The reflective member may be symmetric or asymmetric. A symmetric reflective member has a wall tapering with the same angle in all directions relative the imaginary axis. For a symmetric reflective member, the cross-section of the distal portion and the cross-section of the distal portion have the same geometrical shape, e.g. shape of a circle or a square. An asymmetric reflective member has a wall tapering with different angles in different directions, relative the imaginary axis. In an asymmetric reflective member the cross-section of the distal portion and the cross-section of the proximal portion have different geometrical shapes, or at least geometrical shapes that are not proportional to each other, e.g. the cross-section of the proximal portion has the shape of a circle and the cross-section of the distal portion as the shape of an ellipse, alternatively, the cross-section of the proximal portion has the shape of a square and the cross-section of the distal portion as the shape of a rectangular.

Fig. 9a-b shows a further development of the light emitting arrangement 100 in Fig. 6, in which an asymmetric reflective member 112 is added. By allowing rotation of the optically transmissive sheet 103 inside the asymmetric reflective member 112, the batwing distribution and the beam shaping may be adjustable during production or by the user. Although not shown in Fig. 9a, this embodiment may also comprise a reflective chamber e.g. as described with reference to Figs. 5a-b, Fig. 6 or Fig. 8.

The batwing distribution of the light emitted from the optically transmissive sheet 103 of the light emitting arrangement 100 may be adjusted into a modified batwing distribution when hitting the reflective member 112. If using an asymmetric reflective member 112, the batwing distribution may hit the reflective member differently depending on the orientation of the prismatic structure of the optically transmissive sheet 103, such as the prism grooves 106, relative the asymmetric shape of the reflective member 112.

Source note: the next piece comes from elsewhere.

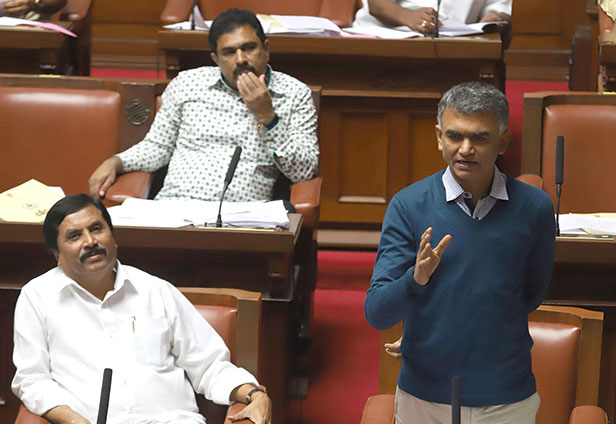 ಶುದ್ಧ ನೀರಿನ ಘಟಕಗಳ ನಿರ್ವಹಣೆ ಖಾಸಗಿ ಸಂಸ್ಥೆಗಳಿಗೆ ವಹಿಸಲು ಚಿಂತನೆ: ಸಚಿವ ಕೃಷ್ಣಭೈರೇಗೌಡ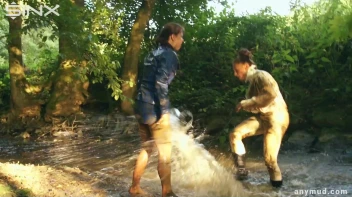 Naughty Thief Gets Into Muddy Catfight With Police Woman Screencap 39 on sinx.preview.netperv.com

In Fig. 9a-b, it is shown that the modified batwing distribution is adjusted further when the optically transmissive sheet 103 is switched from a first position, shown in Fig. 9a, allowing a modified batwing distribution with an average beam shape of an angle i relative the angle 9=0°, into a second position, shown in Fig. 9b, allowing a modified batwing distribution with an average beam shape of an angle a ₂ relative the angle 9=0°, wherein a ₂ > a _{l s} as described in relation to Fig. 6.

A light emitting arrangement 100 according to any embodiment of the invention may be used in a lamp, a luminaire, a task light, a backlight, a streetlight or the like.

The person skilled in the art realizes that the present invention by no means is limited to the preferred embodiments described above. On the contrary, many modifications and variations are possible within the scope of the appended claims. Additionally, variations to the disclosed embodiments can be understood and effected by the skilled person in practicing the claimed invention, from a study of the drawings, the disclosure, and the appended claims. In the claims, the word "comprising" does not exclude other elements or steps, and the indefinite article "a" or "an" does not exclude a plurality. The mere fact that certain measures are recited in mutually different dependent claims does not indicate that a combination of these measured cannot be used to advantage.